0.3

691 63 120
                                    

Yine, sabırsızca karşısındaki kaldırıma bakıyordu. Bugün o çocuk yoktu. Dün de orda değildi. Ondan önceki gün de. Felix bir umut bakmaya devam ediyordu ancak bir türlü bulamıyordu onu. Sanki yer yarılmış da içine girmişti.

Karşısında yanan kırmızı ışığa baktı. O kırmızı ışığın yanında, o huzurlu ve yumuşacık mavi saçları görmeyi o kadar isterdi ki. O şık genci, hatta ona hiç ama hiç yakışmayan, kolunu omzuna attığı çocuğu bile.

Tekrar o çocuğa ihtiyacı olduğunu düşünüyordu. O mavili gence ihtiyacı vardı. Tüm hücreleriyle onu istiyordu. Onun sesini duyabilmek, bakışlarını üzerinde hissedebilmek.. Neden bir erkeği böylesine derinden arzuluyordu ki? Kızların daha çok dikkatini çekmesi gerekmez miydi? Ya da kızlardan hoşlanması lazım değil miydi? Neden böylesine acı bir bekleyiş içindeydi?

Onu bir daha göremeyecekti.

Ya da görecekti kim bilir?

Acımasız tanrı belki de yüzüne gülecekti.

Karşıdan karşıya geçtikten sonra düşünceleri yine onu boğmaya başlamıştı.

İçindeki boşluk, daha doğrusu, boşluğun içindeki fırtına mavi saçlı çocuğu gördüğünden beridir coşuyordu sanki. Alevleniyordu hisleri, ama kötü yönde değil, o çocuğun onu iyileştireceği düşünceleriyle alevleniyordu. Sanki onu bir daha görmezse içinde coşan fırtına ona eskisi gibi zarar vermeye başlayacaktı. Öyle hissediyordu ve bundan bıkmıştı. Sadece, sadece beş gün geçmişti o dik bakışlı gözlere bakmasının ardından.

Neden böylesine bir çekim vardı içinde? Ne olmuştu? O ilk bakışta kalbinin atışlarının zirveye çıkması, ne anlama geliyordu? Onun sesini duymayı, bir daha görmeyi arzulaması neden böylesine kuvvetliydi? Hayır, Felix anlayamıyordu. Kesinlikle anlayamıyordu. Kendi zihnindeki soruları geçiştirmiyordu da. Cevap arıyordu uzun süreler. Ancak hiçbir şey bulamıyordu. Bu cevaplar, zihninin hiçbir köşesinde düşünülmemişti ve yoktu.

[...]

Soyunma odasında sadece Minho ve Felix kalmıştı. Felix üstünü giyindiğinde Minho'nun çantasındaki sigara kutusunu aldı eline. Bir sigara çıkarıp su şişesinin yanındaki çakmağı alırken eğildiği yerden kalkmış ve Minho'ya bakmıştı.

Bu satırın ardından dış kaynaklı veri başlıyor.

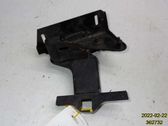 Engine bonnet/hood hinges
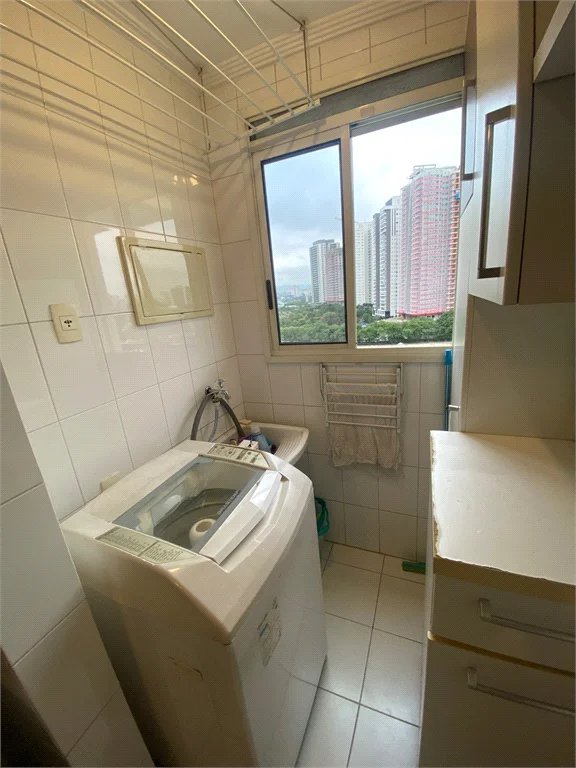 Apartamento à venda com 3 quartos, sendo 1 suíte, em Água Branca, São Paulo, SP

"Sigaramı sömürme." dedi Minho tek kaşını kaldırarak.

Okul formasını çıkartıp, okulun içinde formanın üstünden giydiği gömleği çıplak vücuduna geçirdi.

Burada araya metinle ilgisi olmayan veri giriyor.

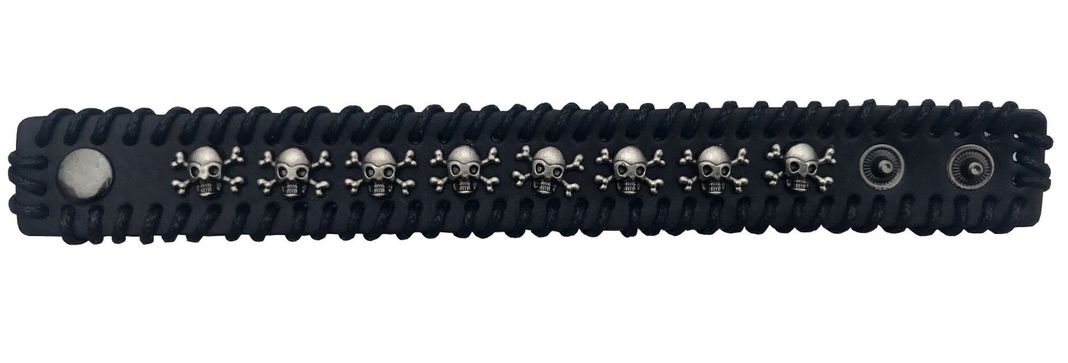 Pulsera Cuero Negra Calaveras con ribete-1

"Mükemmel bir gömlek değil mi?" diye sordu sigarayı yakmakla uğraşan Felix'e.

Felix başıyla onu onaylarken sonunda yaktığı sigaradan çakmağı çekerek vücudunu duvara yasladı. Bir nefes çektikten sonra sigarayı ağzından çekerek dumanı dışarı üfledi. Tekrar sigarayı ağzına götürürken karşısında giyinen Minho'yu izlemeye başladı.

Çıplak bacakları, her tarafını çevreleyen kaslarla oldukça güzel duruyordu. Bu bacakların biraz daha ince ve sıska halini tüm gün okulda mini etek giyen kızlarda görüyordu ancak gram dikkatini çekmiyordu.

Sigaranın acı tadının bulaştığı diliyle dudağını ıslattı gözlerini bacaklardan çekmezken. Minho sonunda pantolonu bacaklarından geçirdiğinde Felix'e bakma fırsatı bulabilmişti.

"Çok güzelsin." dedi kısık sesiyle Felix.

"Biliyorum." dedi Minho gülümseyerek.

Adımlarını Felix'e attı. Sigarasından bir nefes daha çeken çocuk dumanı dışarı verdi başını kaldırarak. Minho yanında belirdiğinde ise bir soluk daha çekmişti.